As for the feeders- yeah, no worries. Nobody has pooped in the feed yet, but I know it is only a matter of time. The problem is they are going through some pecking order stuff, and a few are pushing the others around. I have noticed when I used a covered feeder before, that the meek birds were afraid of being that vulnerable- still happens with the waterer. But, I'll be dividing them into 2 groups soon, which should ease up some of the tension.


----------



## Wingsonfire

Your loft is almost finished and is looking nice but I will have to agree with the feeders and getting those 6 birds that you plan on flying ASAP or you may be just down to the ones that you have captive, you need to get a mentor if at all possible, I think you said you were going to join a club, they should have one or two willing to help you out??? The fist year is tough for sure and the second may not be much better with new people that have not flown before or have not had racers...


----------



## NayNay

Wingsonfire said:


> Your loft is almost finished and is looking nice but I will have to agree with the feeders and getting those 6 birds that you plan on flying ASAP or you may be just down to the ones that you have captive, you need to get a mentor if at all possible, I think you said you were going to join a club, they should have one or two willing to help you out??? The fist year is tough for sure and the second may not be much better with new people that have not flown before or have not had racers...

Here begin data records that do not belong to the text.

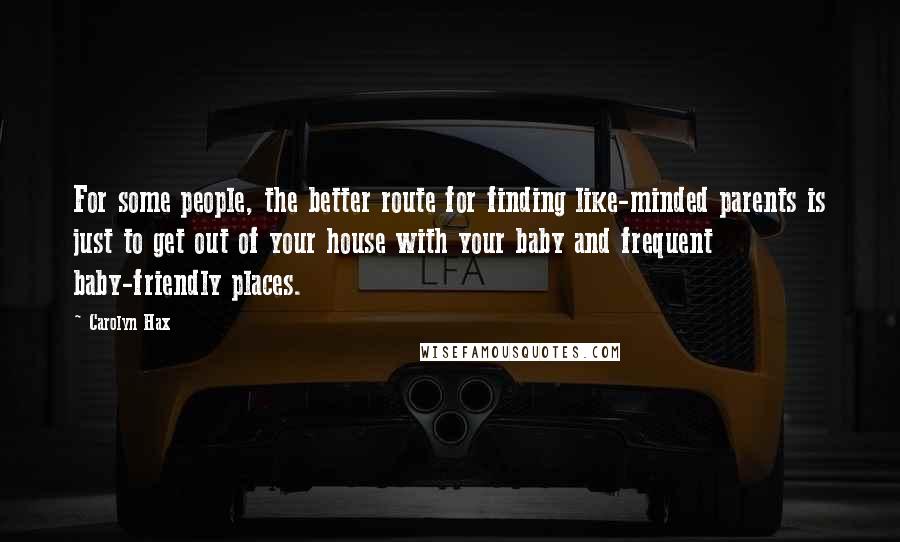 Carolyn Hax Quotes: For some people, the better route for finding like-minded parents is just to get out of your house with your baby and frequent baby-friendly places.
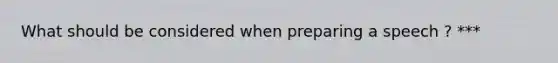 What should be considered when preparing a speech ? ***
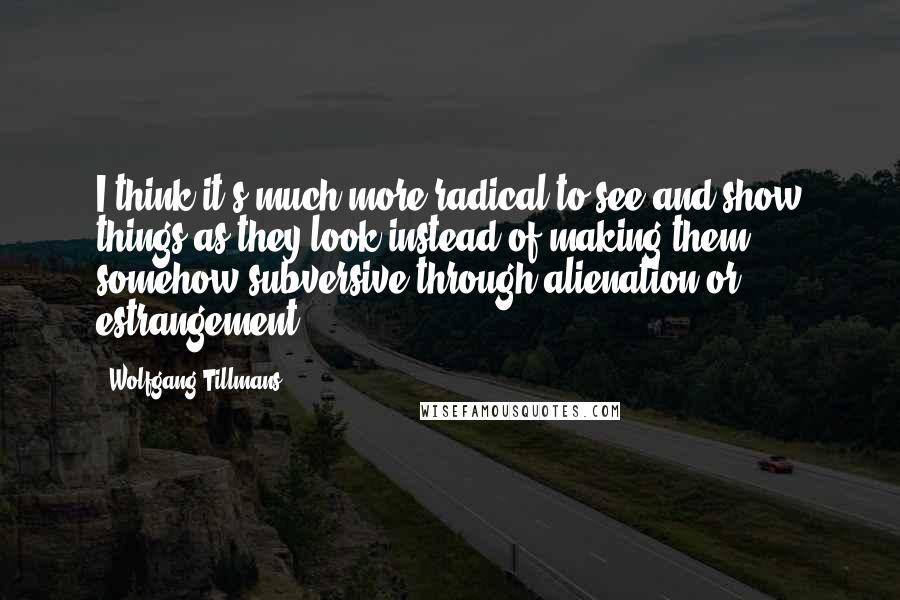 Wolfgang Tillmans Quotes: I think it's much more radical to see and show things as they look instead of making them somehow subversive through alienation or estrangement.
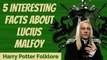 5 Interesting Facts About Lucius Malfoy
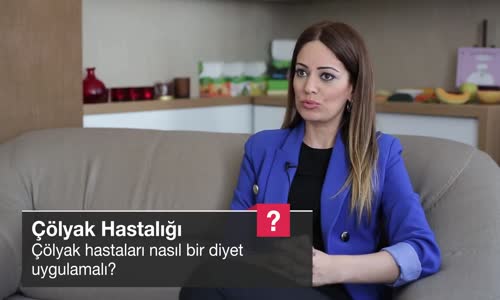 Çölyak Hastaları Nasıl Bir Diyet Uygulamalı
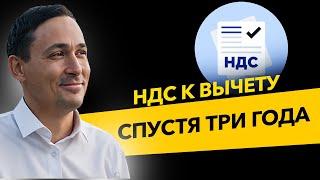 Как доказать вычет по НДС позже 3-х лет? Налог на добавленную стоимость бизнес и налоги.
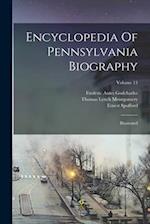 Encyclopedia Of Pennsylvania Biography: Illustrated; Volume 13 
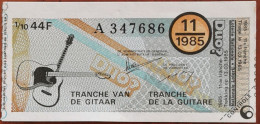 Billet De Loterie Nationale Belgique 1985 11e Tranche De La Guitare - 13-3-1985 - Biglietti Della Lotteria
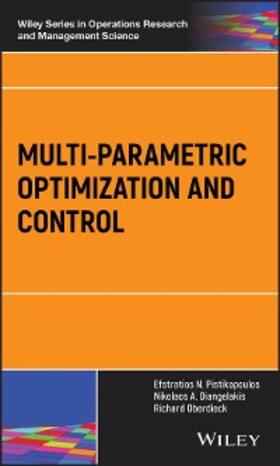 Pistikopoulos / Diangelakis / Oberdieck |  Multi-parametric Optimization and Control | eBook | Sack Fachmedien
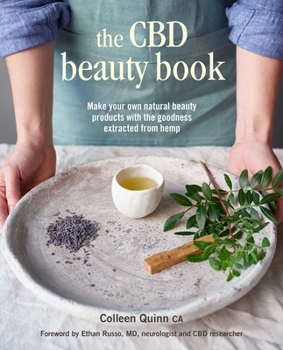 Hardcover The CBD Beauty Book: Make Your Own Natural Beauty Products with the Goodness Extracted from Hemp Book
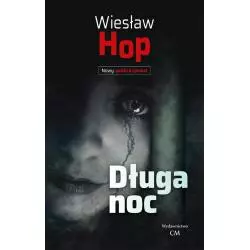 DŁUGA NOC Wiesław Hop - Ciekawe Miejsca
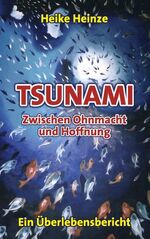 ISBN 9783833434327: Tsunami - Zwischen Ohnmacht und Hoffnung – Ein Überlebensbericht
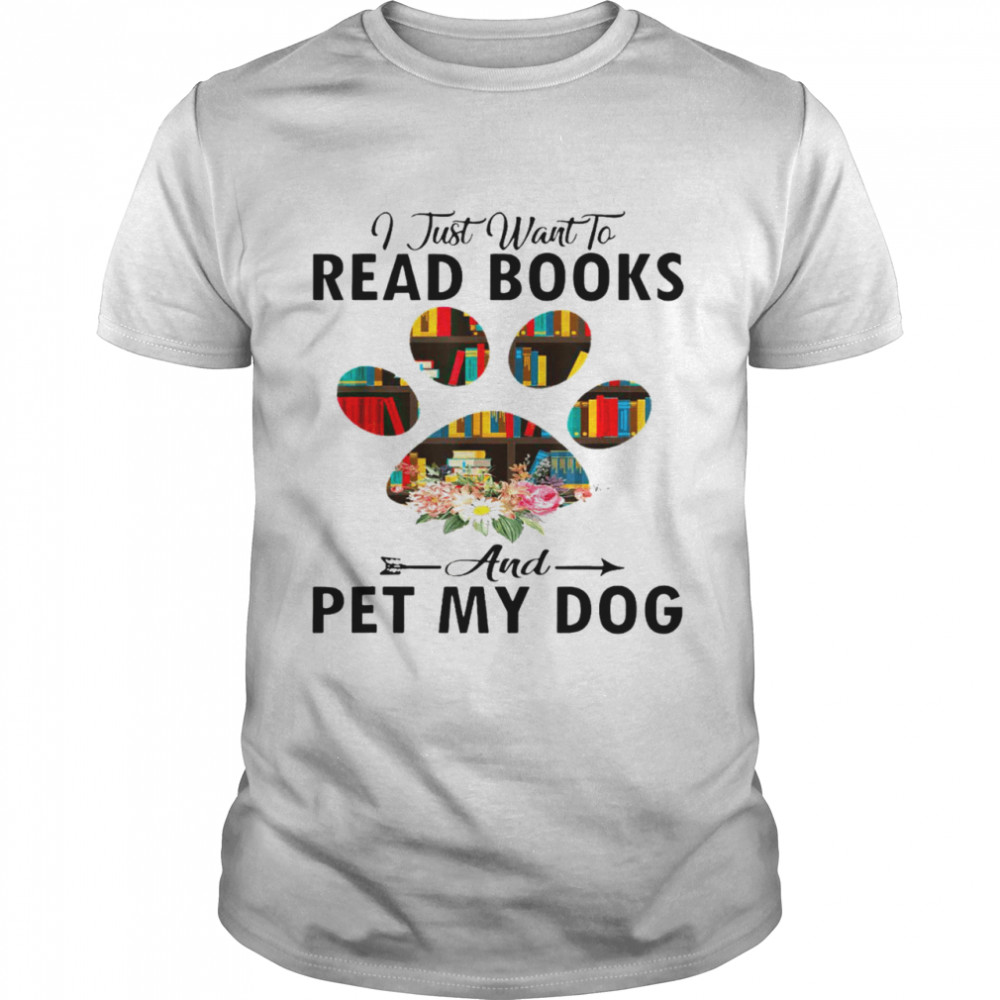 I just want to read books and pet my dog shirt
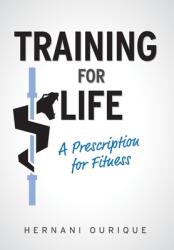 Training For Life: A Prescription for Fitness (ISBN: 9781039119475)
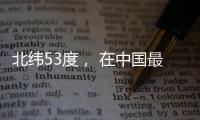 北纬53度
， 在中国最北小镇戍边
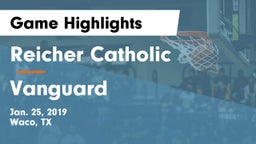 Reicher Catholic  vs Vanguard Game Highlights - Jan. 25, 2019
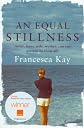 An Equal Stillness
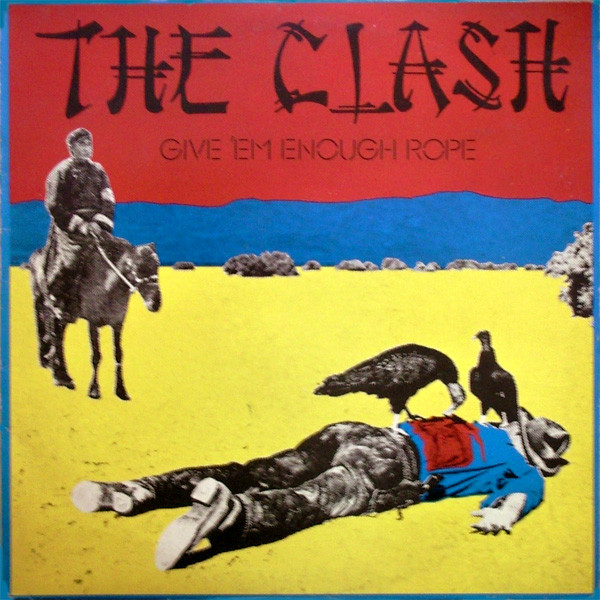 Clash – Give 'Em Enough Rope LP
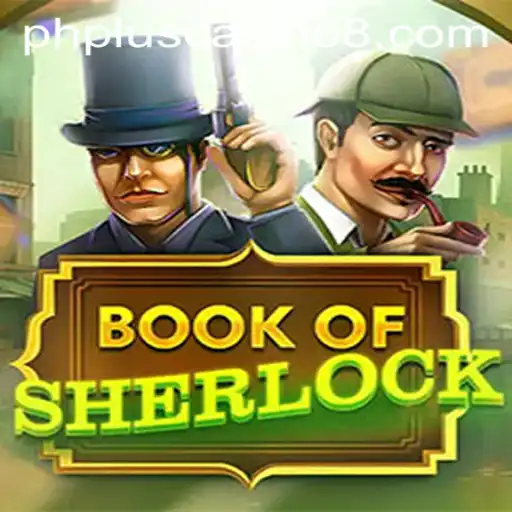 Exploring the Fascinating World of BookOfSherlock at PHPlus Casino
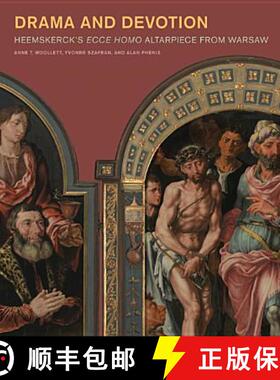 【3-4周达】Drama and Devotion – Heemskerck′s Ecce Homo Altarpiece From Warsaw [9781606061121]
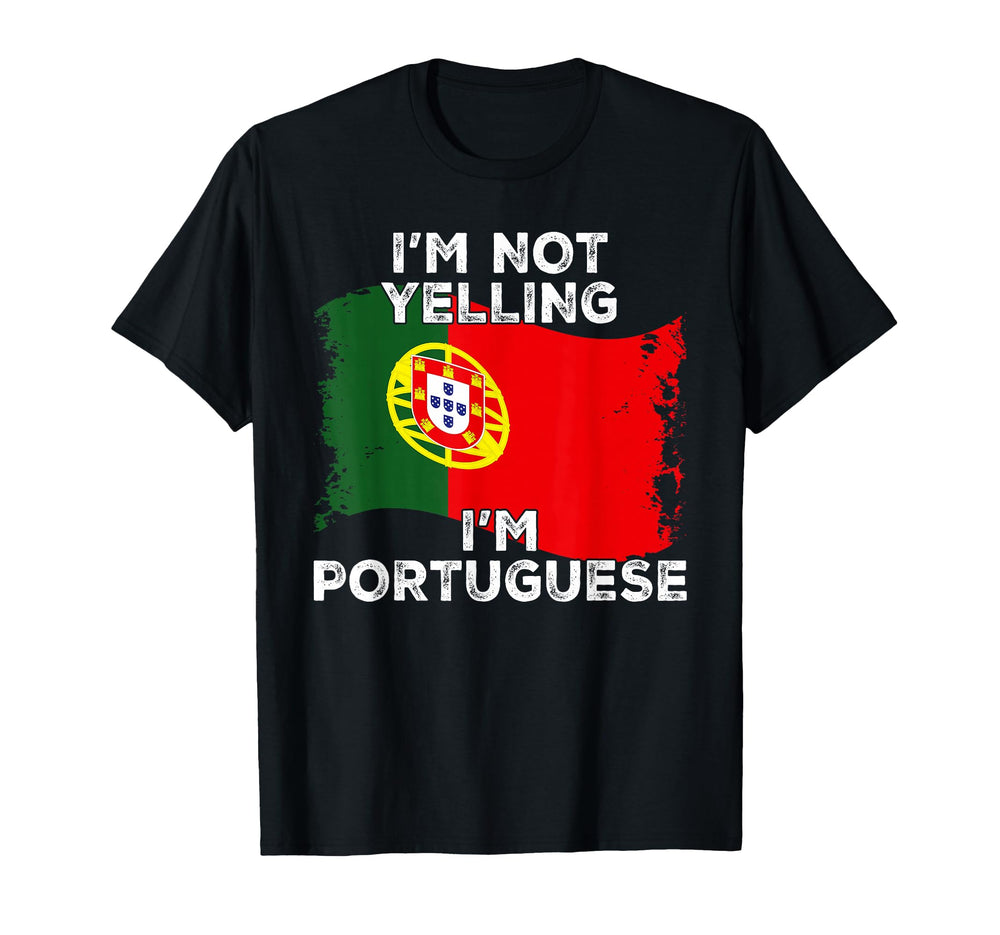 Im Not Yelling Im Portuguese T-Shirt - Casual Everyday Wear for Adults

Yup, I do have a club to join, but it has a whopping 3 members! But, they are running a 4H program, and as soon as school is out, and I have the time- I am going to be the biggest kid in 4H-lol. Learn along with the kids.


----------



## Pip Logan

NayNay said:


> Yup, I do have a club to join, but it has a whopping 3 members! But, they are running a 4H program, and as soon as school is out, and I have the time- I am going to be the biggest kid in 4H-lol. Learn along with the kids.


Nice!!


______


----------



## NayNay

Yeah, pretty cool idea. A good way to start a new generation in the sport. They are going to have their own little race series between OB and YB, and then show their birds at the County Fair in August. Most of the kids are doing it one loft style- the Prez of the club lets them each have a little spot for their birds, and they take turns cleaning. But some of the kids have their own lofts at home too.


----------



## pigeon is fun

Naynay,
How's your project? Almost done?


----------



## NayNay

Yeah- I'm just bogged down by dealing with a broken down car, and all that kind of fun stuff. Might finish the trap tonight so I can install tomorrow.


----------



## NayNay

Dang has life ever been kickin me in the head the last week. Ok, Trap is done. landing board still needs to be hinged and latched, but at least now I am good to go to do some trap training- and find out if my trap is too close to the wall, etc etc. I figure if they want to eat- and they always seem to want to eat- then they will drop on down.


----------



## NayNay

View of the door- simple slider- and doorway to "Super Sputnik" the first 2 times I had to toss a few birds in to get them out there. Now they trot on out and enjoy the sunshine- esp on bath day. Which also took them a ridiculously long time to figure out! My son's Fav bird, Rico was the brave first bather, but soon thereafter we had rub-a-dub dub, 8 birds in the tub- which is all that could fit, lol.


----------



## Nomad_Lofts

looking good nay nay good size landing board there.well life is good family excited about birds this is a wonderful life I will post some pics later of my kit(first responders)lol


----------



## Ashby Loft

Looking good.


----------



## birdkeeper

It is finally coming along for you and looks great!


----------



## billyr70

Very nice, i think i could live in there NayNay.


----------



## NayNay

billyr70 said:


> Very nice, i think i could live in there NayNay.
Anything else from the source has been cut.